The die is a critical component in twin-screw extruder design and plays a vital role in shaping the final product. The die determines the shape and dimensions of the extruded product [11]. It provides the necessary restrictions and shaping channels through which the molten material passes to form the desired shape. The die greatly influences the quality and uniformity of the extruded product. It helps in controlling parameters such as temperature, pressure, and flow rate, ensuring consistent product properties throughout the extrusion process [12]. A well-designed die can minimize defects like voids, warping, or inconsistent dimensions, resulting in high-quality, uniform products. The die also controls the flow distribution of the molten material [13,14]. It helps to distribute the material evenly across the die opening, avoiding variations in thickness or density. By carefully designing the die channels, engineers can optimize the flow pattern, enhancing the product’s structural integrity and surface finish [15]. Expansion volume depends largely on die designincluding dimensions [16], length-to-diameter ratio (L/D ratio), and nozzle numbers. The primary objective of a die design is to achieve the correct pressure drop and required product shape at the desired flow rate. Harper et al. emphasized that the construction and shape of the die play a significant role in achieving uniformity of velocity [13], affecting the stability of the extrusion flow and product characteristics.
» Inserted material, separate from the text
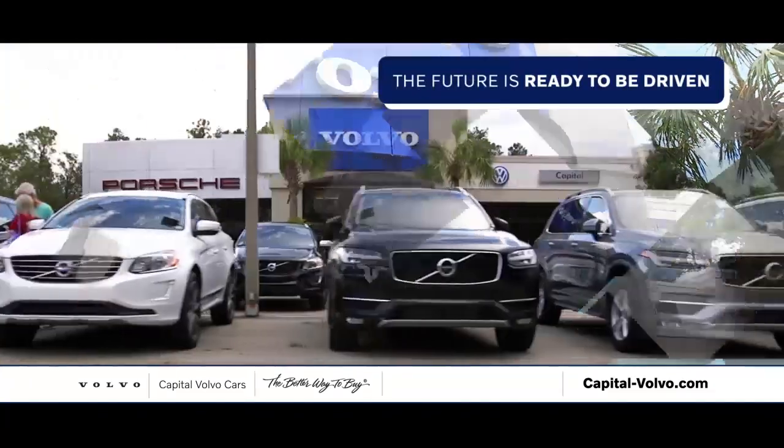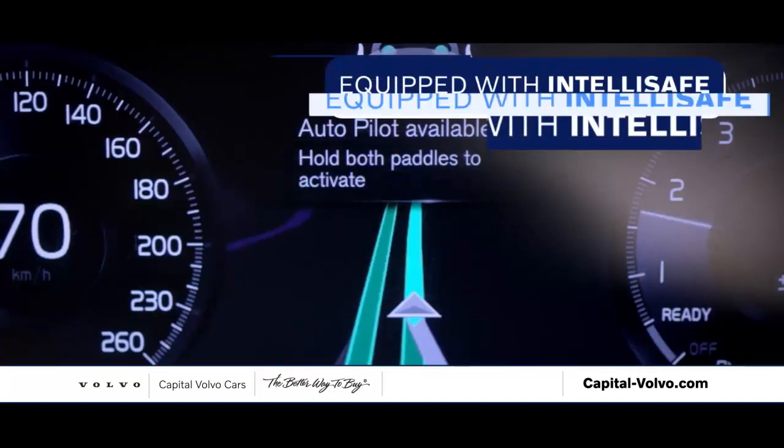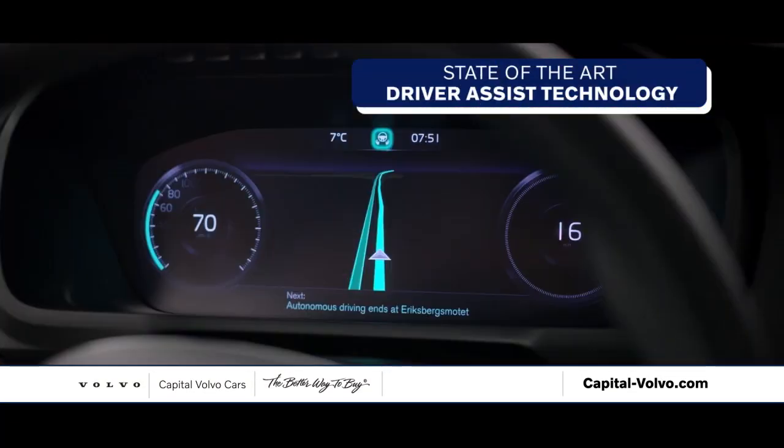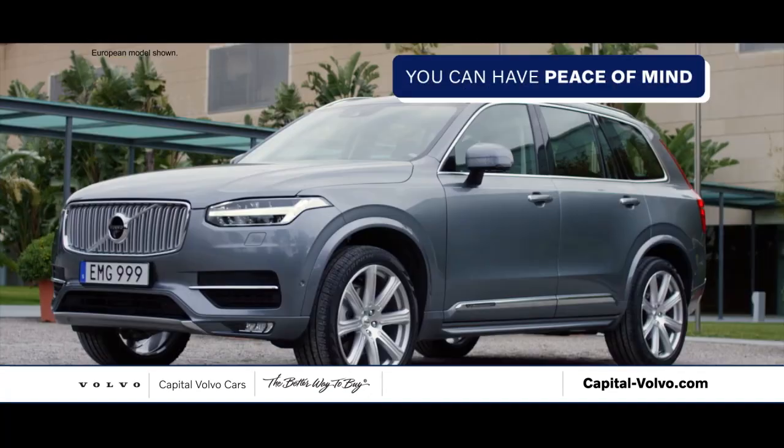The future is ready to be driven at Capital Volvo. Get behind the wheel of a new Volvo equipped with IntelliSafe, state-of-the-art driver assist technology. IntelliSafe keeps you in control so you can have peace of mind.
Costantini et al. studied the effects of two different dies, circular and star-shaped (with cross-sections of 19.6 mm² and 35.9 mm², respectively), on the physico-chemical properties, anti-nutritional compounds, and sensory characteristics of extruded breakfast-expanded snacks [16]. Results showed the possibility of improving the legume extrudate’s physico-chemical and sensory properties by selecting a proper die. In summary, optimizing die design can enhance material flow characteristics, expansion volume, and overall extrusion processing efficiency, ultimately influencing the quality of extruded expanded foods.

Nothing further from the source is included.